In connection with the Company's previously announced 2020 adjusted EBITDA margin target of 30%, we intend to incur discrete charges of approximately $20 million over the course of 2019. For the six months ended June 30, 2019, we had incurred discrete charges of $13 million. These investments are expected to increase the operating efficiency and accelerate the transformation of certain technology and data platforms. These charges are reflected in the Company’s GAAP financial results and are excluded from adjusted EBITDA and adjusted EPS metrics which are non-GAAP measures.

Teleconference/Recast

CoreLogic management will host a live webcast and conference call on Thursday, July 25, 2019, at 8:00 a.m. Pacific time (11:00 a.m. Eastern Time) to discuss these results. All interested parties are invited to listen to the event via webcast on the CoreLogic website at http://investor.corelogic.com. Alternatively, participants may use the following dial-in numbers: 1-800-479-1004 for U.S./Canada callers or 1-786-789-4772 for international callers using confirmation code 7619087.

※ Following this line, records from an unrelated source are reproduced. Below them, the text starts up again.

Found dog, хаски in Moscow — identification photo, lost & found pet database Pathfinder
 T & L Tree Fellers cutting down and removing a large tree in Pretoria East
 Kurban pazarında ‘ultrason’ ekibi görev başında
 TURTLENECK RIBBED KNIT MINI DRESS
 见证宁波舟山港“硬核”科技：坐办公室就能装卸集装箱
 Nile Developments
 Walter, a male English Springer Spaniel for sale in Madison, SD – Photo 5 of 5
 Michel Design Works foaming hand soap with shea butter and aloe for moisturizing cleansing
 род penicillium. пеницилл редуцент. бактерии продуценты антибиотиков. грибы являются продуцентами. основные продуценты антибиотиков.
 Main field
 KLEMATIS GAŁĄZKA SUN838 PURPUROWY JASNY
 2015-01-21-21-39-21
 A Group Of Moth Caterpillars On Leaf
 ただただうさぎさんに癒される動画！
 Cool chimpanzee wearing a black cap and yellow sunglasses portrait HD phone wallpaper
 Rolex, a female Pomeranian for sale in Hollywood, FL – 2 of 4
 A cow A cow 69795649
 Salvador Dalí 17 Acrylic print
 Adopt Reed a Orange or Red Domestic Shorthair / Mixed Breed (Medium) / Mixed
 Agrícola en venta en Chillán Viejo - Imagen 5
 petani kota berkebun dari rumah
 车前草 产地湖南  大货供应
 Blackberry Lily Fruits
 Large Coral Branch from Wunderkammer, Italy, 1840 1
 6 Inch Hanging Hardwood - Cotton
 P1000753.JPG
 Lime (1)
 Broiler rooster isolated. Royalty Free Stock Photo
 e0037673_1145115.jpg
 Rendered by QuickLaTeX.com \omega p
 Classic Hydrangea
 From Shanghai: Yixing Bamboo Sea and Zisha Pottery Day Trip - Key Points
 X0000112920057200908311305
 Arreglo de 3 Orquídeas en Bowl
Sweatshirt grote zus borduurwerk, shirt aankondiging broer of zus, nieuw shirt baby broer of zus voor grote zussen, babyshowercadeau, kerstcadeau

A replay of the webcast will be available on the CoreLogic investor website for 10 days and also through the conference call number 1-888-203-1112 for U.S./Canada participants or 1-719-457-0820 for international participants using Conference ID 7619087.

About CoreLogic

CoreLogic (NYSE: CLGX), the leading provider of property insights and solutions, promotes a healthy housing market and thriving communities. Through its enhanced property data solutions, services and technologies, CoreLogic enables real estate professionals, financial institutions, insurance carriers, government agencies and other housing market participants to help millions of people find, acquire, and protect their homes. For more information, please visit www.corelogic.com.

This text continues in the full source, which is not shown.